Abstract

Operating system code interacting with the devices attached to our computers, device drivers, are often provided by their respective vendors. As they may run with kernel privileges, this effectively means that kernel code is written by third parties. Some of these may not live up to the high security standards the core kernel code abides by. A single bug in a driver can harm the complete operating system’s integrity, just as if the bug was in the kernel itself. Attackers can exploit these bugs to escape sandboxes and to gain system privileges. Automated security testing of device drivers is hard. It depends on the attached device, and the driver code is not freely available. Dependency on a physical device increases the complexity even further. To alleviate these issues, we present BSOD, a fuzzing framework for high-complexity device drivers, based on KVM-VMI. BSOD retargets the well-known and battle-proven fuzzers, Syzkaller and AFL-2++, for binary-only drivers. We do not depend on vendor-specific CPU features and exceed 10k execs/sec on COTS hardware for coverage-guided kernel fuzzing. For evaluation, we focus on the highly complex closed-source drivers of a major graphics-card vendor for multiple operating systems.

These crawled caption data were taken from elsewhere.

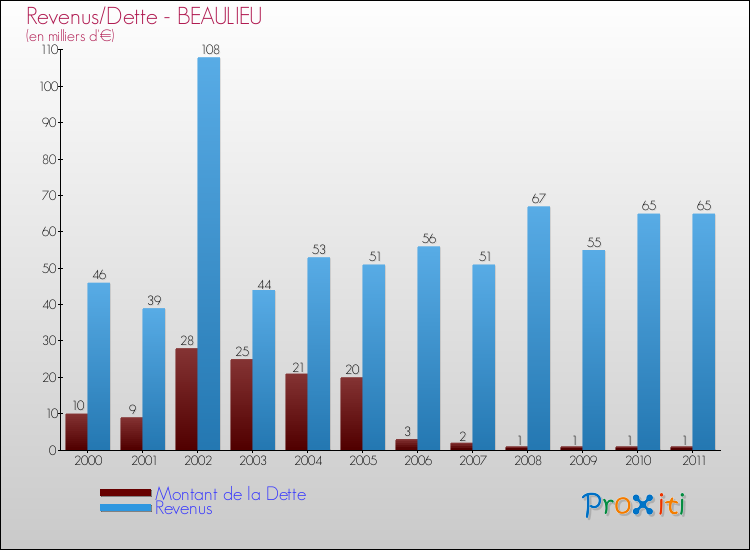 Evolution comparée de la dette et des revenus pour la commune de BEAULIEU de 2000 à 2011 Comparaison de la dette et des revenus pour BEAULIEU de 2000 à 2011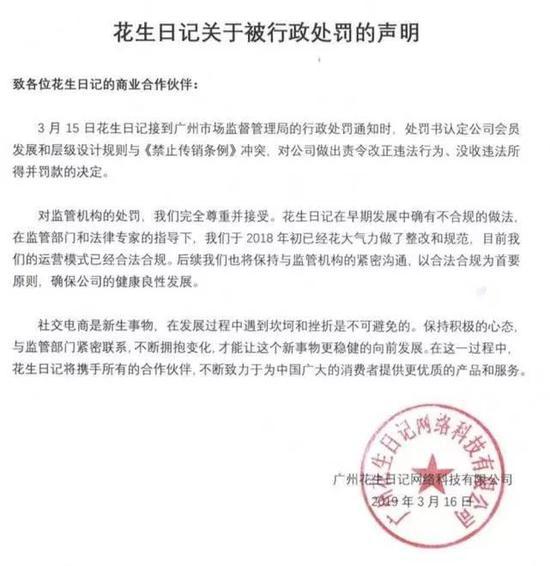 拥有2000万会员APP涉传销被罚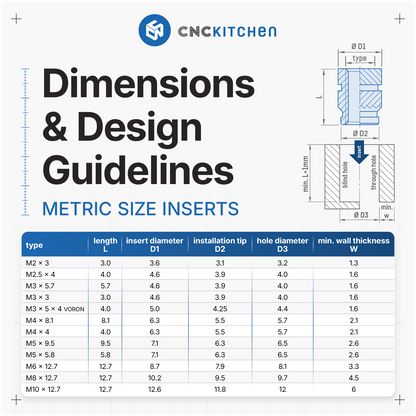 CNCKitchen Thread Inserts Kit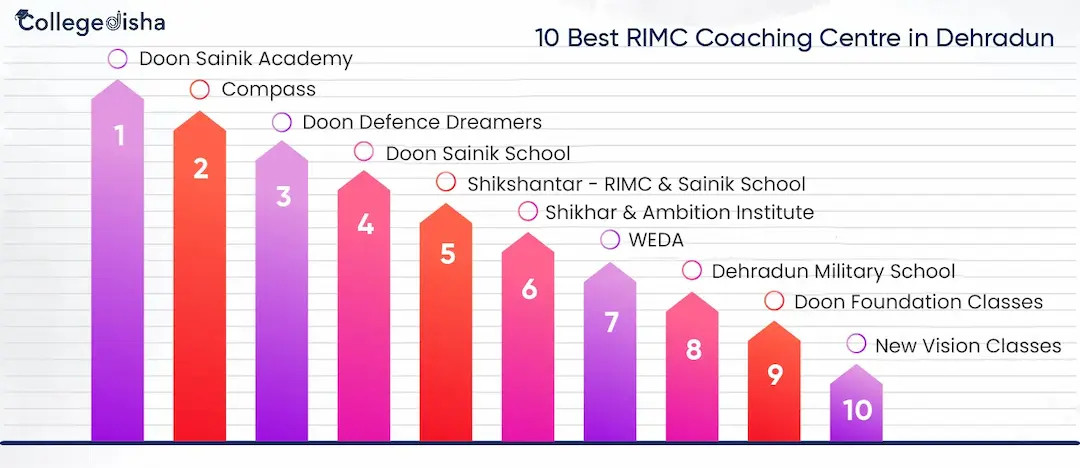 10 Best RIMC Coaching Centre in Dehradun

To overcome the strict hardware dependency of device driver fuzzing, making scaling impractical, we implement BSOD-fakedev, a virtual record & replay device, able to load a full graphics card driver without a physical device attached. It allows to scale fuzz campaigns to a large number of machines without the need for additional hardware. BSOD was able to uncover numerous bugs in graphics card drivers on Windows, Linux, and FreeBSD.